The rebroadcasts were discontinued on September 1, 2003, coinciding with the station's assumption of the UPN affiliation and the transfer of KPXJ to the Wray family's stewardship. On that date, KTBS began producing a half-hour newscast at 9 p.m. for channel 21 (under the title UPN 21 News at 9:00), which was the first locally produced prime time newscast to be offered in the Shreveport–Texarkana market. (On August 3, 2009, the 9 p.m. newscast to a full hour, making it the first hour-long late evening newscast in the market, at which time, it was renamed The KTBS 3 9:00 News Hour.)

On September 12, 2005, KTBS began producing a half-hour weekday morning newscast for KPXJ (titled KPXJ 21 News at 7), predating the debut of a two-hour-long 7 a.m. newscast on Fox affiliate KMSS-TV (channel 33)—that station's first attempt at a local morning newscast, albeit produced by sister station WGMB in Baton Rouge—by two years. (The KPXJ newscast was expanded to one hour in February 2012.) The morning newscast was shifted to 9 a.m. in September 2013, placing it in direct competition with a half-hour newscast in that slot on CBS affiliate KSLA (channel 12).

On August 22, 2016, KTBS began producing an hour-long weekday afternoon newscast at 4 p.m. for KPXJ (titled KTBS 3 News at 4:00 on KPXJ 21), making it the first television station in the market to offer a local newscast to air in that timeslot. (The program would soon gain a competitor when KSLA launched its own hour-long 4 p.m. newscast two weeks later on September 7.)

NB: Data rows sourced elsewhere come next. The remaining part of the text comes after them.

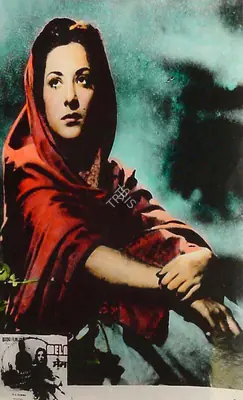 Fali Mistry (Cinematographer), Mela, 1948, Lobby Card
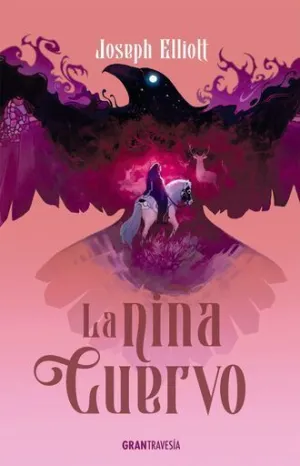 LA NIÑA CUERVO LA NIÑA CUERVO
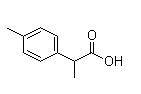 2-(4-Methylphenyl)propanoic acid 938-94-3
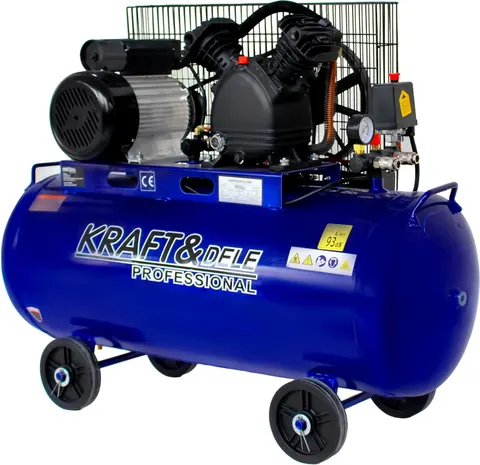 Kompresor Olejowy KRAFT&DELE KD4058 100L 230V 2,8kW 480L/min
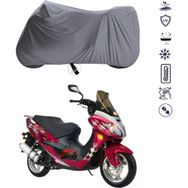 Kanuni Storm 150 4 Mevsim Çantalı Su Geçirmez Motor Brandası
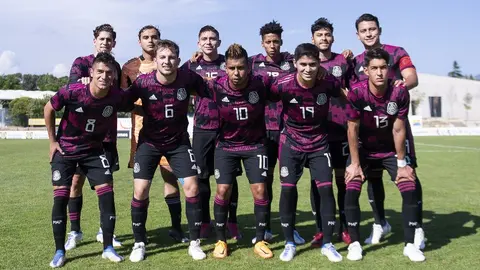 Torneo Maurice Revello: ¿Qué necesita el Tri para acceder a Semifinales?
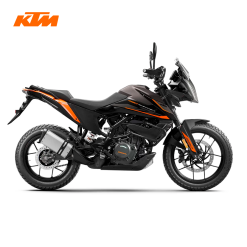 KTM 390 ADVENTURE ABS NEGRO 2023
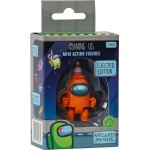 PMI Ltd Among Us Mini Action Figures - Ejected Edition 1 Pack (S3) (Random) (AU6301) 084239 7290117584385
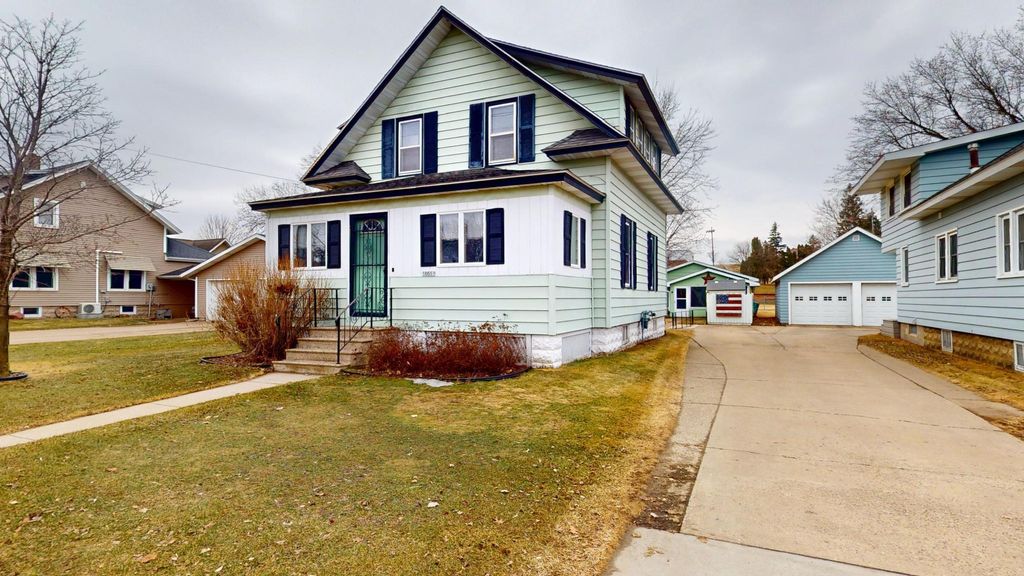 Photo of 18651 Hobson Street, Whitehall, WI 54773 (MLS # 7029207)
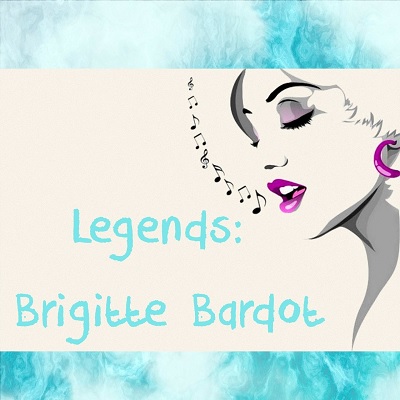 Brigitte Bardot - Legends: Brigitte Bardot (2017) .mp3 - 320 kbps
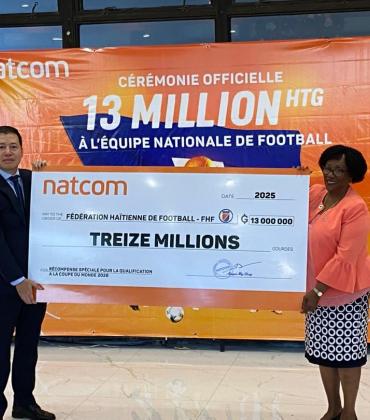 @Arnold Junior Pierre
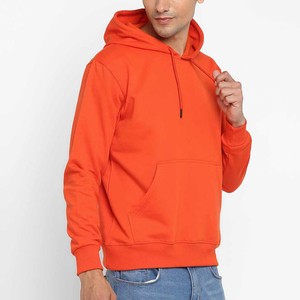 Sudadera con Capucha de Algodón para Hombre, Personalizada al por Mayor, Cómoda y Transpirable, Sudadera Lisa para Hombre - Product Image 1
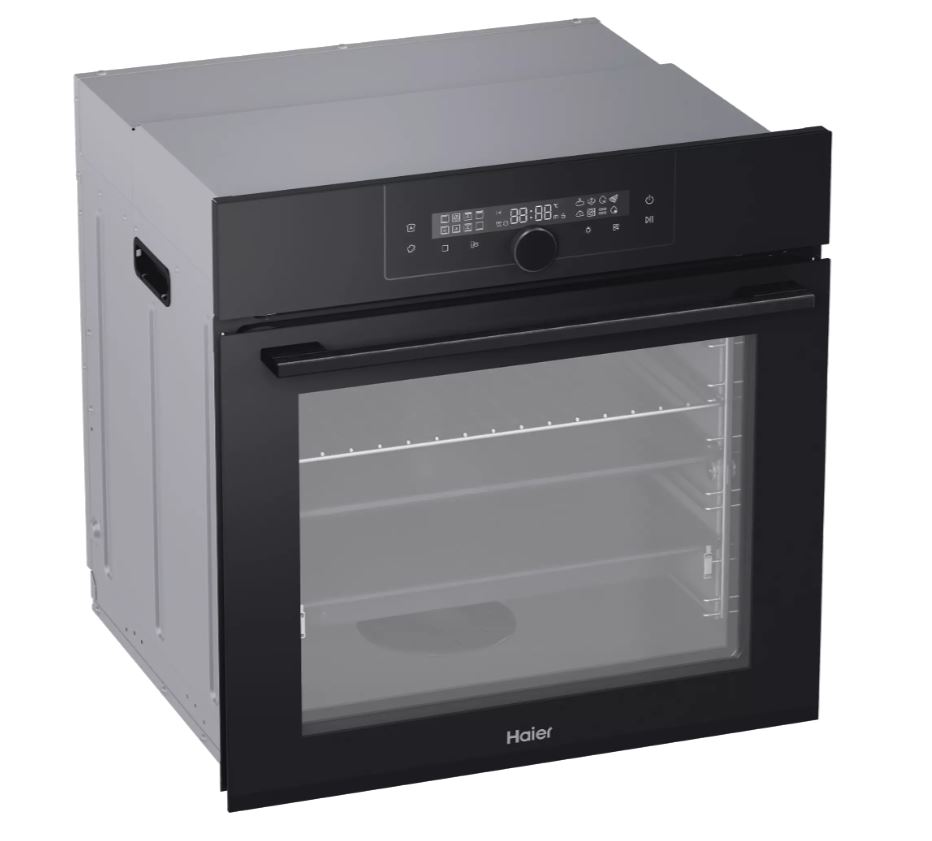 Купить Электрический духовой шкаф Haier HOQ-F6QSN3GB — Фото 3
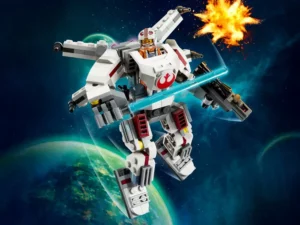 75390 Luke Skywalker X-Wing Mech (Боевой робот Люка Скайуокера X-Wing)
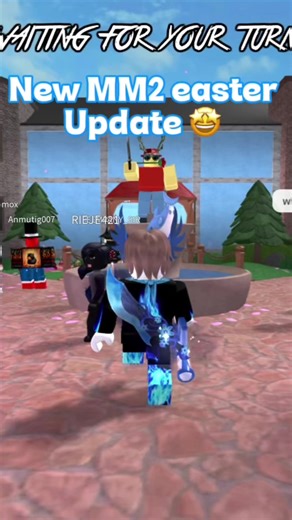 MM2 Easter Update? When is it Coming Out?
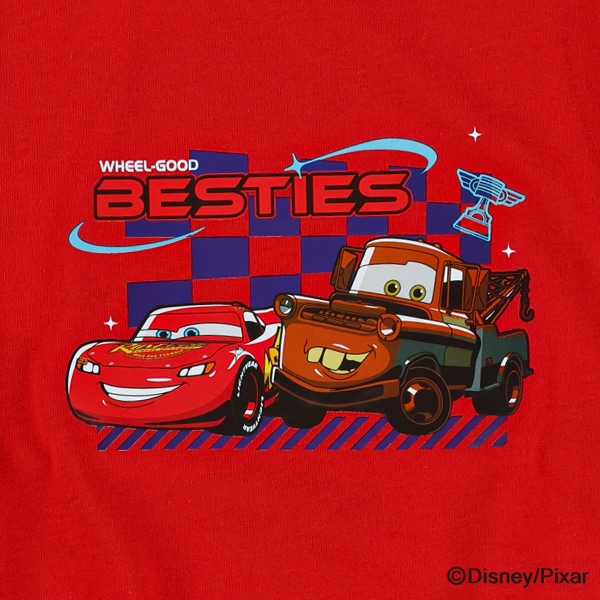 長袖Tシャツ（カーズ）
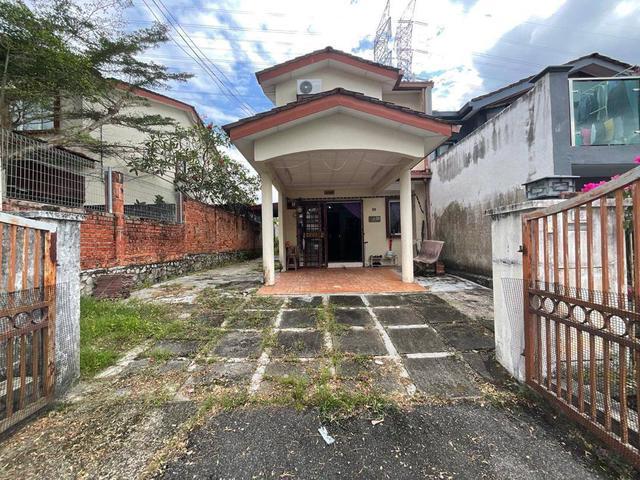 Taman Bukit Permata Batu Caves End Lot 2 Storey For Sale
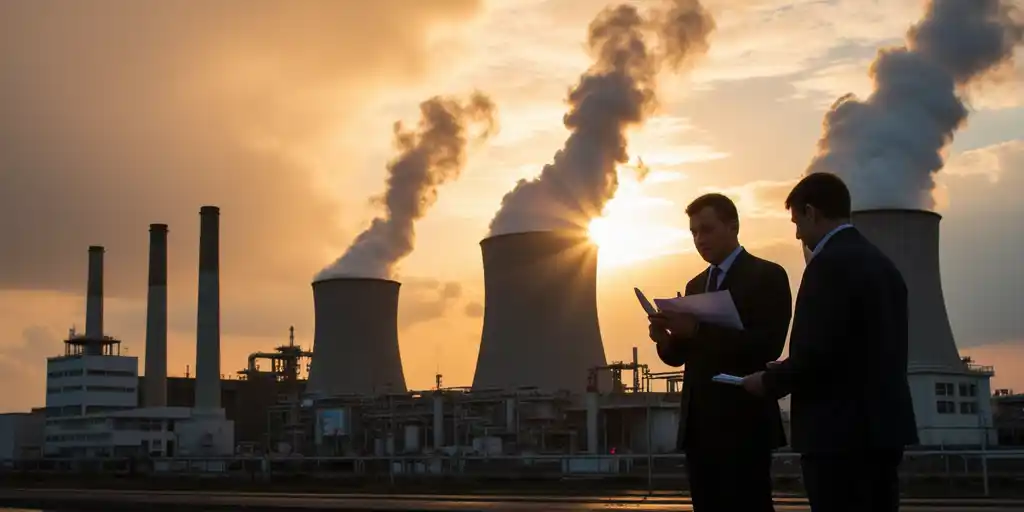 Sembcorp ведет переговоры о покупке доли в газовых активах B.Grimm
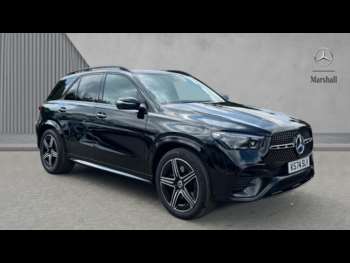 2024 - GLE 450d 4Matic Urban Edition 5dr 9G-Tronic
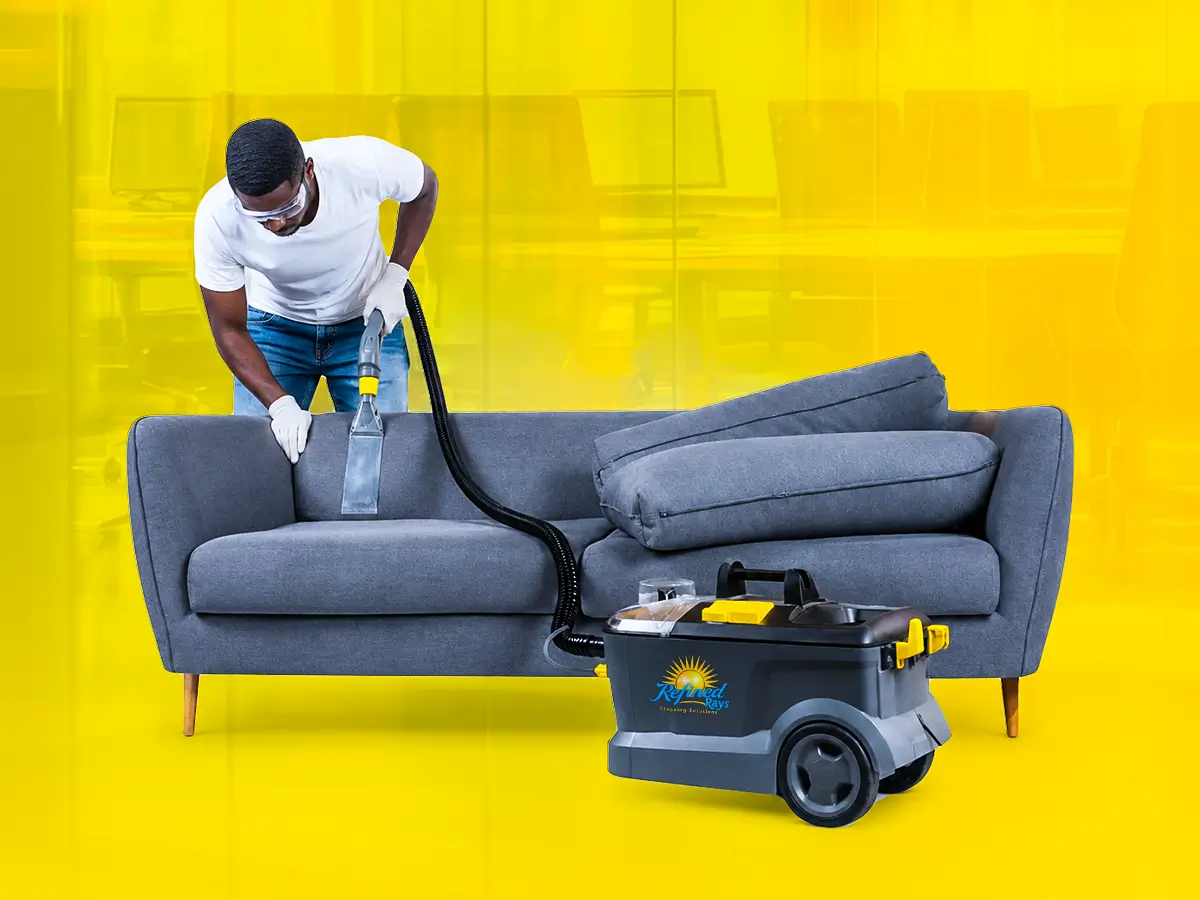 Sofa and Carpet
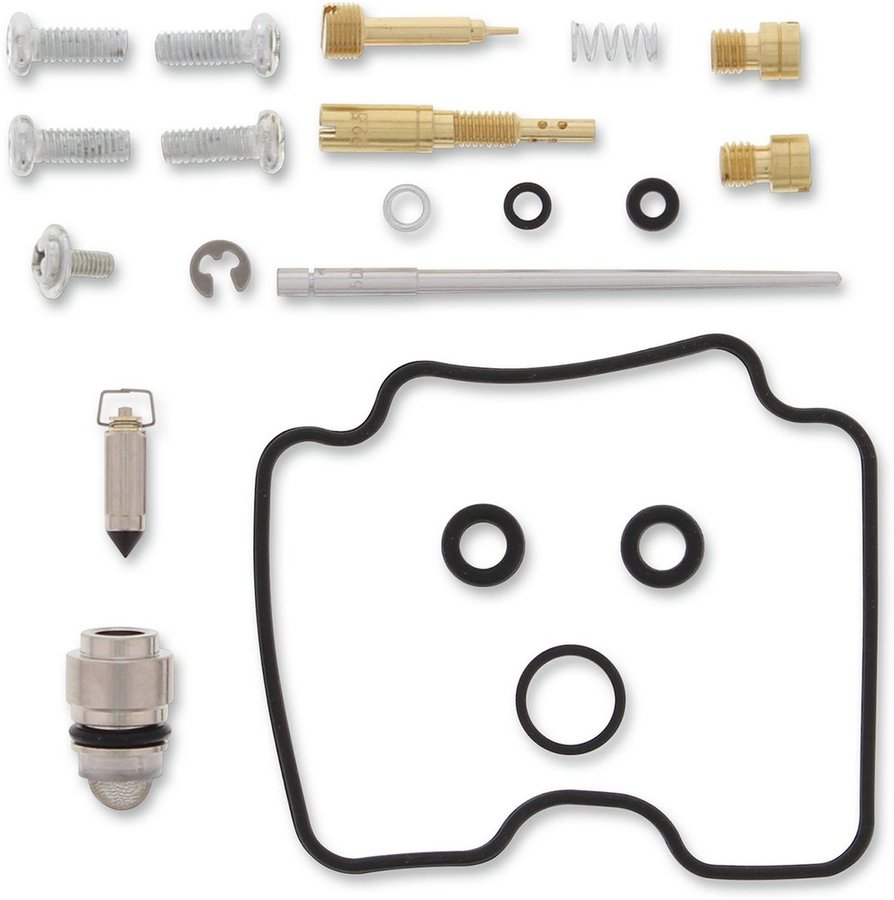 MOOSE RACING ムースレーシング キャブレター補修キット【CARB REPAIR KITS [1003-0802]】 KLX400R 2004 DR-Z400E KAWASAKI カワサキ SUZUKI スズキ その他キャブレターオプション・補修部品 吸気関連 エンジン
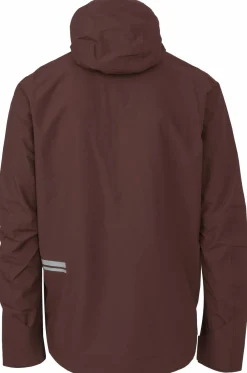 AGU City Cruiser Regenjacke - Dark Rose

On August 16, 2021, KPXJ began airing the first 3 p.m. newscast in the market, titled KTBS 3 3:00 News Hour on KPXJ CW21.

==Technical information==
===Subchannels===

Subchannels provided by KPXJ on the KTBS-TV multiplex (ATSC 1.0)
Subchannel: Res.Tooltip Display resolution; Short name; Programming; ATSC 1.0 host
21.1: 720p; KPXJ-HD; The CW; KTBS-TV
21.2: 480i; KPXJ-ME; MeTV
21.3: KPXJ-ST; Start TV
21.4: KPXJ-AN; Antenna TV

Subchannels of KPXJ (ATSC 3.0)
| Subchannel | Res. | Short name | Programming |
| 3.1 | 1080p | KTBS | ABC (KTBS-TV) |
| 3.2 | 480i | KTBS-WX | KTBS-TV 24-Hour Weather |
| 3.3 | KTBS-24 | KTBS-TV 24-Hour News |
| 21.1 | 1080p | KPXJ-HD | The CW |

===Analog-to-digital conversion===
Because it was granted an original construction permit after the FCC finalized the DTV allotment plan on April 21, 1997, the station did not receive a companion channel for a digital television station. In September 2005, KPXJ discontinued regular programming on its analog signal, over UHF channel 21, and "flash-cut" its digital signal into operation on channel 21. The switchover caused an uproar with viewers that did not have the equipment to receive over-the-air digital broadcasts or subscribed to cable television. Three months later in December 2005, DirecTV added KPXJ to the local stations it made available to the satellite provider's subscribers in the Shreveport–Texarkana market, followed by Dish Network in April 2007.